> [Task brief] Without the pictures, output the records below exactly as they are.

(Short web captions)

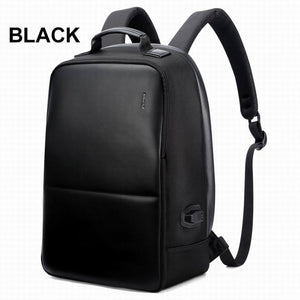 BOPAI USB Charge Backpack Men Leather for Travelling Fashion Cool School Backpack Bags for Boys Anti Theft  laptop backpack 2018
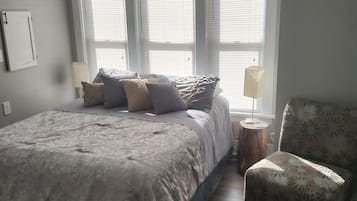 1 makuuhuone, silitysrauta/-lauta, ilmainen Wi-Fi, vuodevaatteet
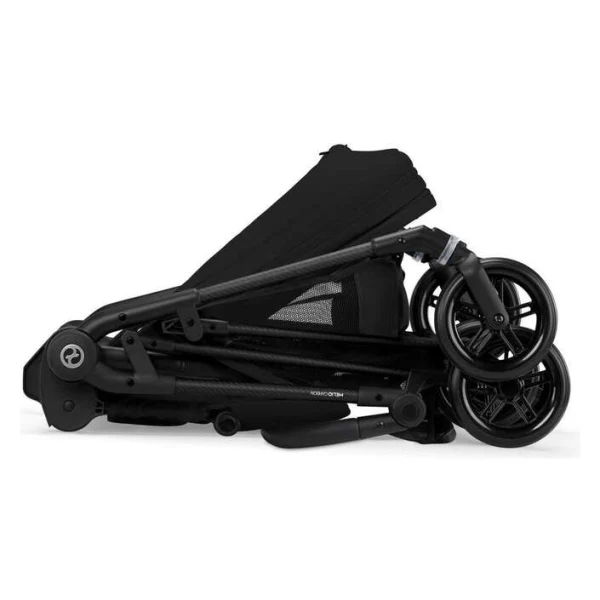 Kolichka Cybex Melio Carbon crna – pogled 7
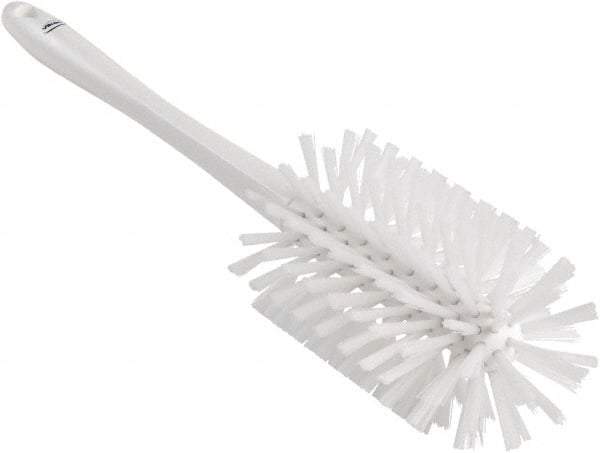 Vikan - 3-1/2" Diam Polyester Bottle Brush - 17" OAL, 6-1/4" Head Length, Polypropylene Handle - A1 Tooling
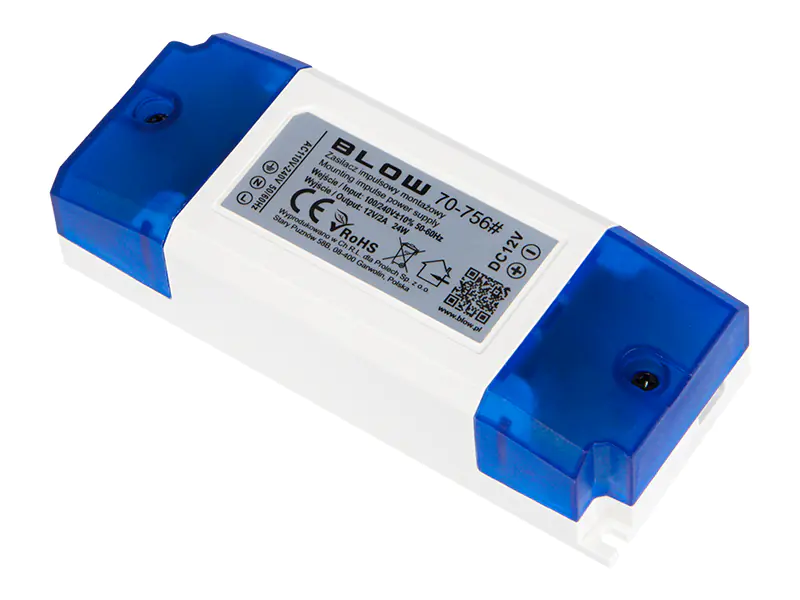 ⁨70-756# Zasilacz impulsowy montażowy 12v/2a 24w plastikowy⁩ w sklepie Wasserman.eu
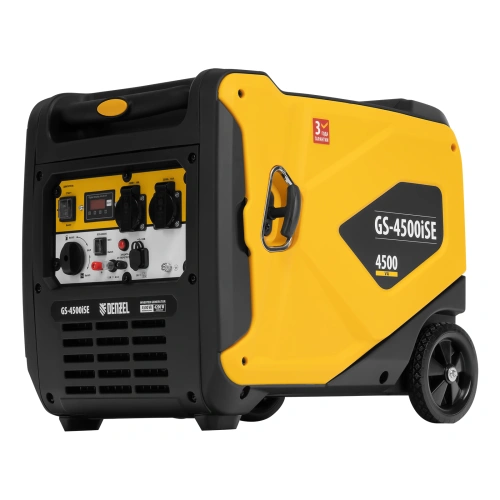 Генератор инверторный GS-4500iSE, 4,5 кВт, 230 В, закрытый корпус, электростартер Denzel по ценам производителя в Казани с доставкой по всей России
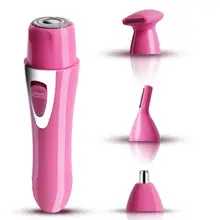 4 в 1 USB перезаряжаемая губная помада депилятор триммер для удаления волос безболезненная бритва бикини Эпилятор для лица и тела
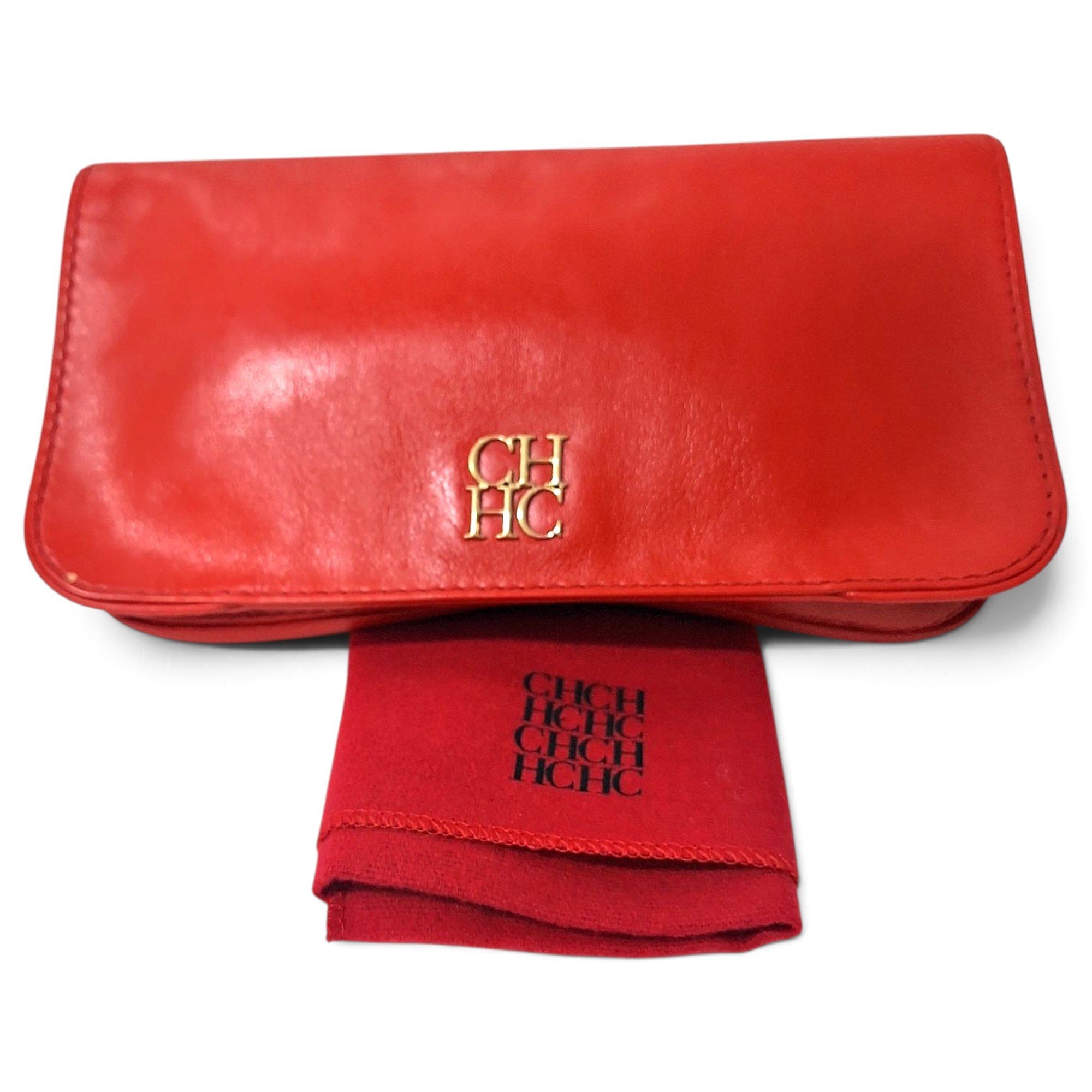 Leather clutch bag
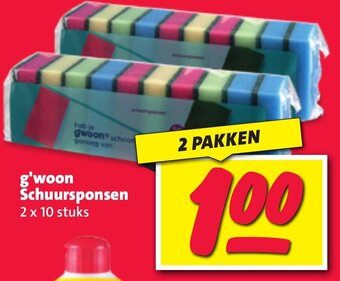 Nettorama g'woon Schuursponsen 2 x 10 stuks 2 PAKKEN aanbieding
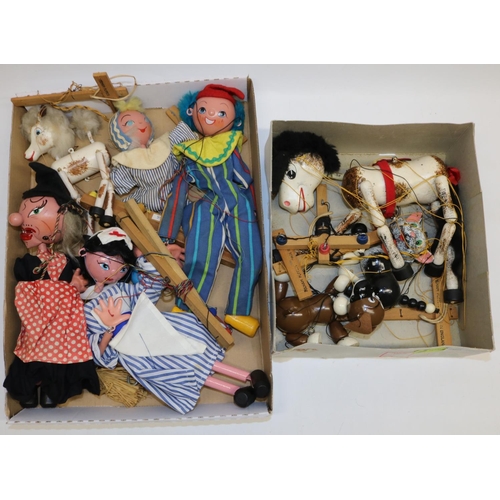 260 - Group of eight unboxed Pelham Puppets, incl. Muffin the Mule, witch, Andy Pandy, dog, cat, etc. (8)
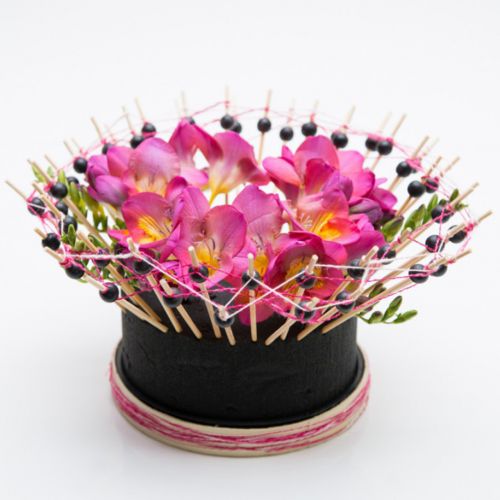 Floristik24 Steckmoos cylinderpluggmaterial svart Ø28cm H5cm 2st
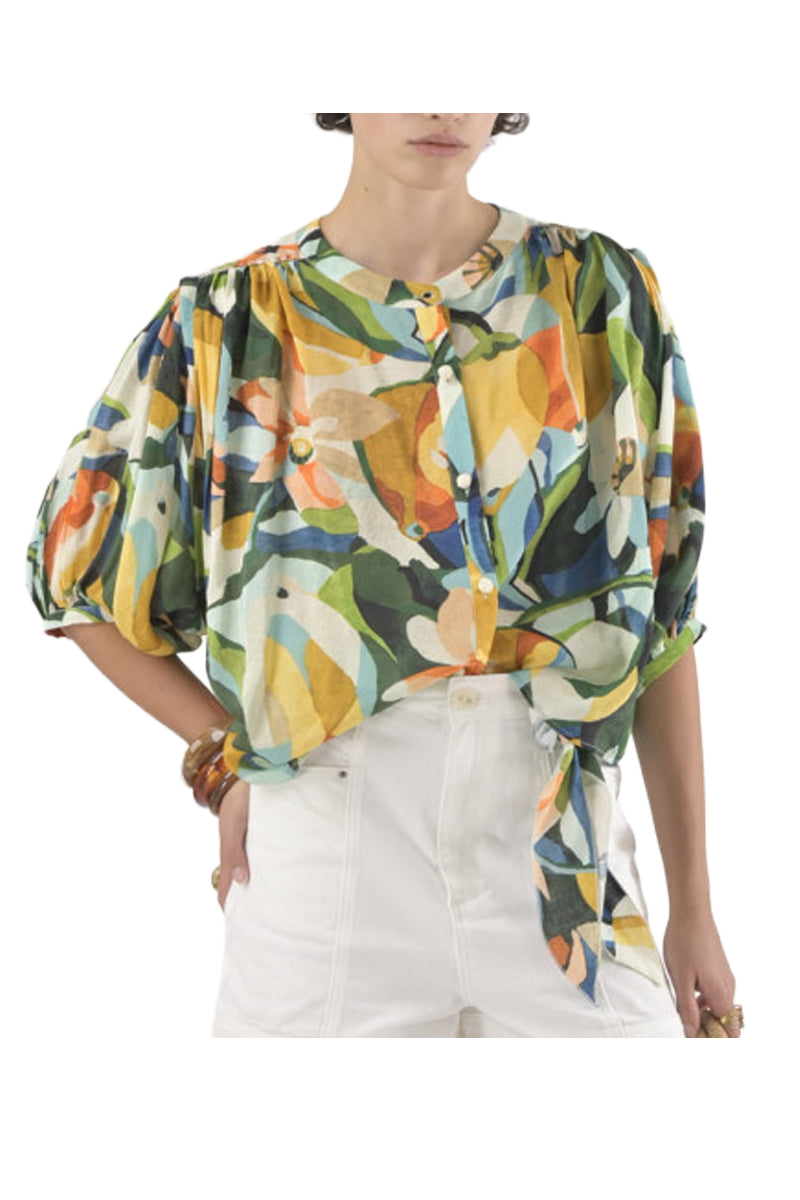 ORFEO PARIS ARIZONA TW1835B blusa donna over multicolor rayon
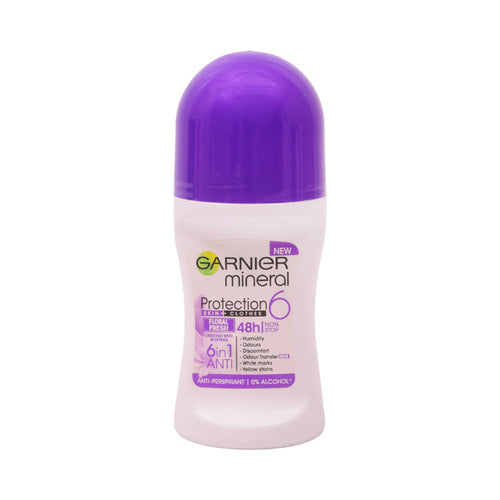 GARNIER MEN MINERAL ROLL ON FLORAL FRESH 6IN1 48H 50 ML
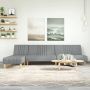 L formos sofa-lova, šviesiai pilka, 255x140x70cm, audinys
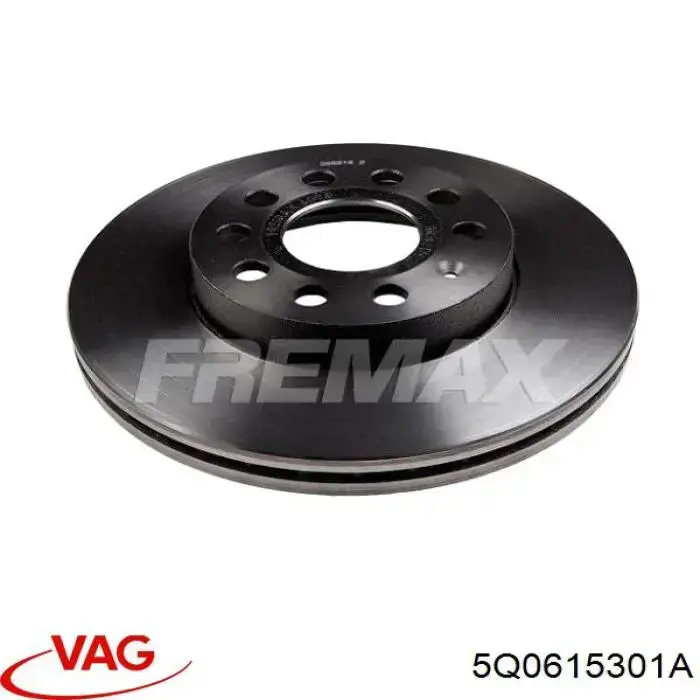 Передние тормозные диски 5Q0615301A VAG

> [Your response]
 BOPAI USB Charge Backpack Men Leather for Travelling Fashion Cool School Backpack Bags for Boys Anti Theft  laptop backpack 2018
 1 makuuhuone, silitysrauta/-lauta, ilmainen Wi-Fi, vuodevaatteet
 Kolichka Cybex Melio Carbon crna – pogled 7
 Vikan - 3-1/2" Diam Polyester Bottle Brush - 17" OAL, 6-1/4" Head Length, Polypropylene Handle - A1 Tooling
 ⁨70-756# Zasilacz impulsowy montażowy 12v/2a 24w plastikowy⁩ w sklepie Wasserman.eu
 Генератор инверторный GS-4500iSE, 4,5 кВт, 230 В, закрытый корпус, электростартер Denzel по ценам производителя в Казани с доставкой по всей России
 4 в 1 USB перезаряжаемая губная помада депилятор триммер для удаления волос безболезненная бритва бикини Эпилятор для лица и тела
 Leather clutch bag
 Nettorama g'woon Schuursponsen 2 x 10 stuks 2 PAKKEN aanbieding
 260 - Group of eight unboxed Pelham Puppets, incl. Muffin the Mule, witch, Andy Pandy, dog, cat, etc. (8)
 Floristik24 Steckmoos cylinderpluggmaterial svart Ø28cm H5cm 2st
 ORFEO PARIS ARIZONA TW1835B blusa donna over multicolor rayon
 GARNIER MEN MINERAL ROLL ON FLORAL FRESH 6IN1 48H 50 ML
 L formos sofa-lova, šviesiai pilka, 255x140x70cm, audinys
 Передние тормозные диски 5Q0615301A VAG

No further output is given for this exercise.